1957 Vibroplex “Original” Semi-Automatic “Bug” Key restoration

Every once in a while I like to have fun restoring old equipment, and last weekend I finally got around to restoring an 1957 Vibroplex “Original” Bug.  I bought it because it was inexpensive, unrestored and complete…and it was made the year I was born.  And unlike me, it didn’t have modifications and missing parts.  Here is what it looked like last week before restoration:

Bug contact side  - Before

1957 “Original” Unrestored. (click for new window)
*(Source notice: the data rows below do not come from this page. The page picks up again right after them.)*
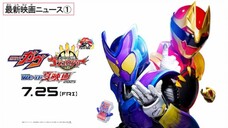 [Teaser 1] Kamen Rider Gavv The Summer Movie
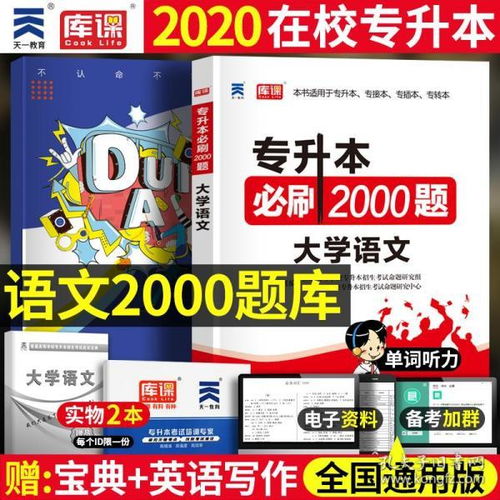 专升本历年真题去哪找(专升本历年真题去哪找广东) 专升本历年真题去哪找(专升本历年真题去哪找广东)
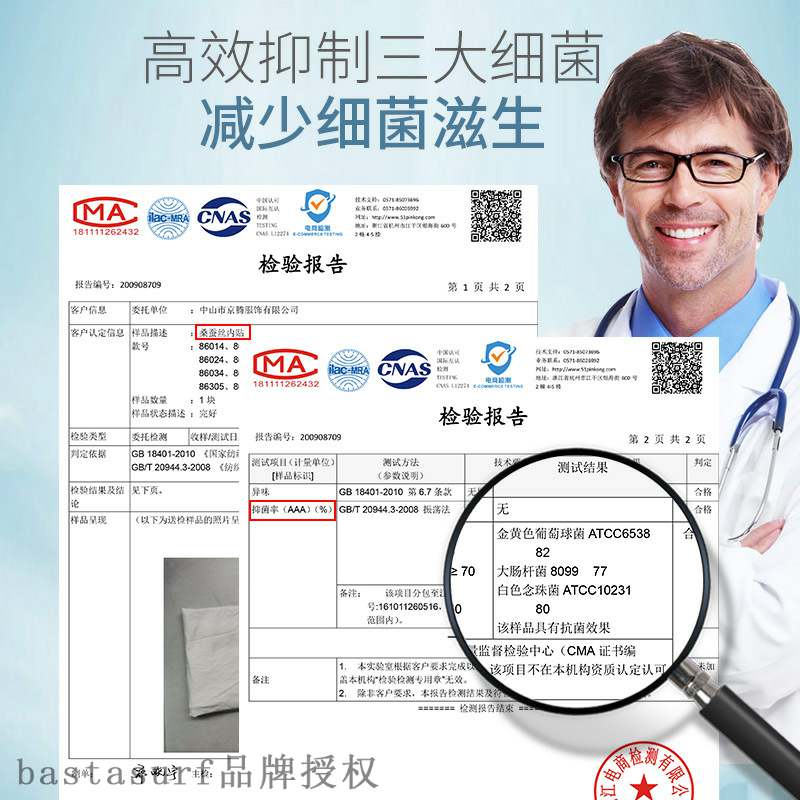 Royal Paul genuine ice silk mens underwear mens boxer pan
I realized very quickly the base needed re-chroming, but I didn’t want to pull it all apart and have it sitting as parts in a box for weeks while the base was being redone, I wanted to use it.  As an additional thought on that issue,  as busy as I can get, if a project sits in a box it often does just that…for a while.  Bottom  line: I bought a new base from Vibroplex.  I’ll have the original “Original” base re-chromed eventually…maybe.
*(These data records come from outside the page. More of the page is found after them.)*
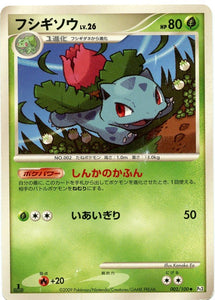 002 Ivysaur 1st Edition Pt3 Beat of the Frontier Platinum Japanese Pokémon Card
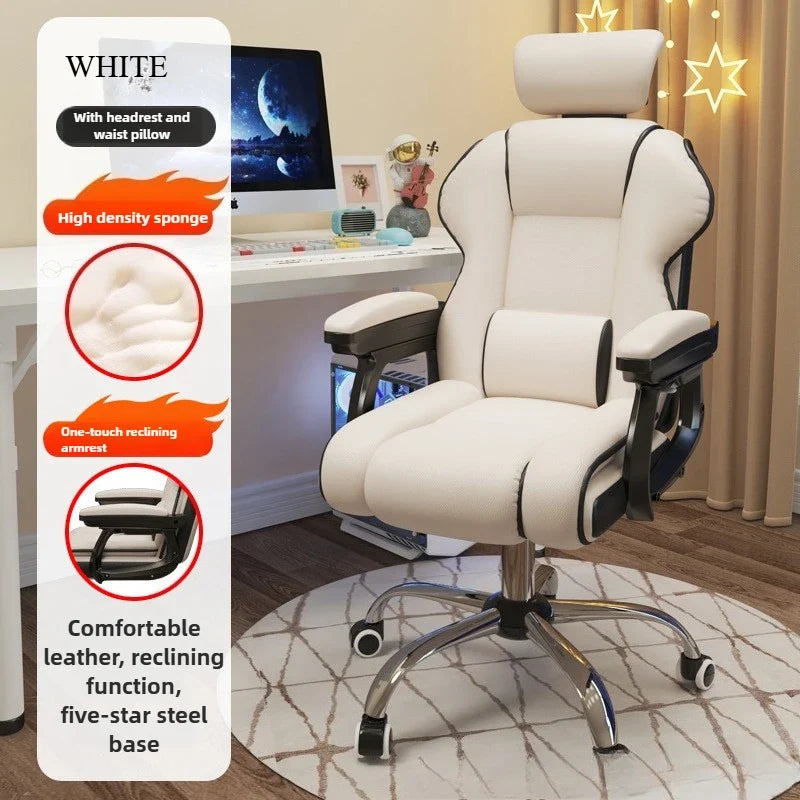 Home computer chair gaming chair gaming study office sofa chair back chair lifting swivel chair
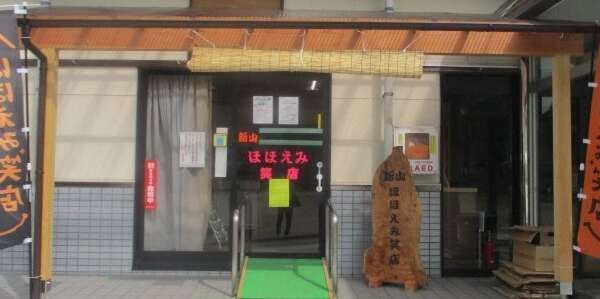 新山ほほえみ笑店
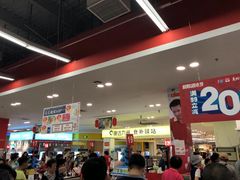 -卜蜂莲花(辽阳西路店)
Some notes about getting a replacement base from Vibroplex:  The quality is pretty good, but the base does not have the #8-32 tapped hole for the tuning switch assy. and I had to layout, drill and tap one.  Also, the holes for all of the electrical contact posts are smaller than are the original, so the original fiber insulating shoulder bushings will not fit.  You should buy the Vibroplex replacement bushings when you order the base.  In addition, the holes pre-drilled for the Vibroplex label are the wrong diameter and in the incorrect place, at least for this 1957 vintage label.  I don’t know when this was changed, but at least on my bug I had to drill two #50 holes (0.070″) in the old positions to mount the label.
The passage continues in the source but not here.